New Exhibition: Rudyard Kipling: The Books I Leave Behind

May 15, 2007

Rudyard Kipling, drawing by Sir William Nicholson, 1899.

The Appeal

If I have given you delight
By aught that I have done,
Let me lie quiet in that night
Which shall be yours anon:
And for that little, little span
The dead are borne in mind
Seek not to question other than
The books I leave behind.

The Beinecke Rare Book and Manuscript Library is pleased to announce a new exhibition: Rudyard Kipling: The Books I Leave Behind.
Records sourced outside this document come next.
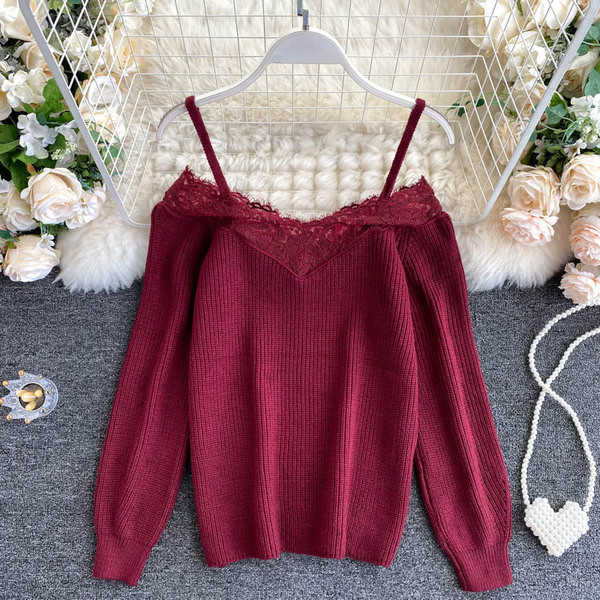 Ženski pulover s čipkom i tankim naramenicama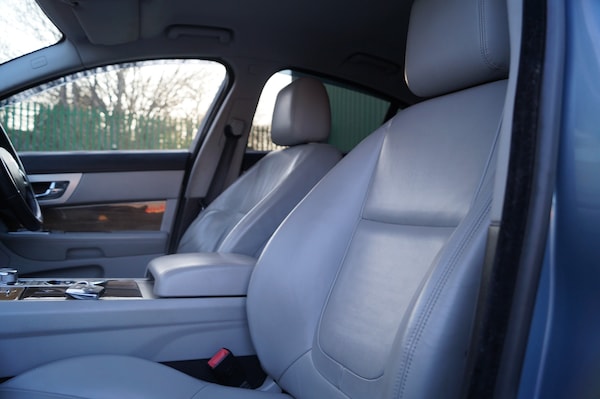 Used Jaguar XF 2013 for sale - 74238870: Photo 44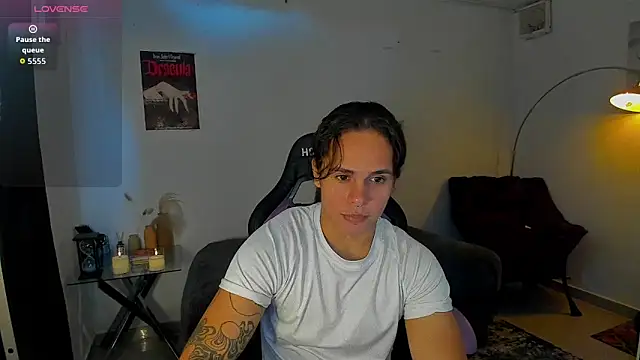 Snapshot of Maximiliano_scoott__ chatting on 02.21.26 Maximiliano scoott online show from 02.21.26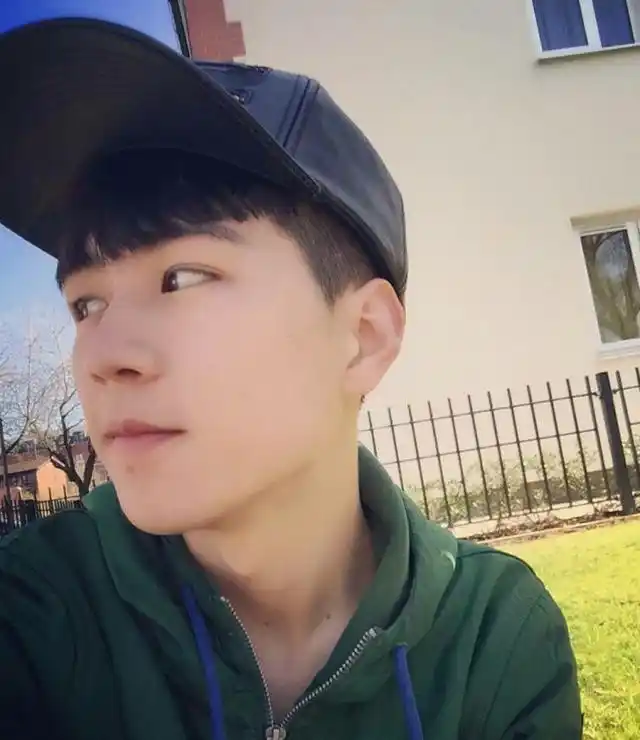 《变形计》中“小正太”杨桐，转身变学霸，如今成团出道成明星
The Books I Leave Behind will be on display at the library from June 1 to September 15th. 

For the last decade of the nineteenth century and at least the first two decades of the twentieth, Rudyard Kipling (1865-1936) was one of the most popular writers in the English language, in both prose and verse. Remembered today primarily as a fiction writer, Kipling was among the last British poets to command a mass audience, appealing to readers of all social classes and ages. Although his few novels, except Kim, were only a mixed success, in the medium of the short story Kipling extended the range of English fiction in both subject matter and technique and perhaps did more than any other author in the English language to blur the division between popular and high art.
Special attention in this exhibition is given to the bibliographic intricacies of Kipling’s printed output. His popularity meant that many editions of his work were issued—with revised texts, variant bindings, in special formats, and especially as unauthorized or “pirate” versions. The books and manuscripts shown here, gathered over the years by keen and discerning collectors, provide a picture of how Kipling’s stories and images traveled around the world in an amazing range of formats.

The exhibition is curated by David Alan Richards (Yale College Class of 1967, Yale Law School Class of 1972), and the majority of items on display are from the Kipling Collection he created and donated to the Beinecke Library. The exhibition also draws from the Kipling collections of Chauncey Depew and Matilda Tyler. A catalog documenting the exhibition will be available from Yale University Press. (TY)

“The Appeal,” by Rudyard Kipling, published posthumously, 1939.
Image: Rudyard Kipling, drawing by Sir William Nicholson, 1899.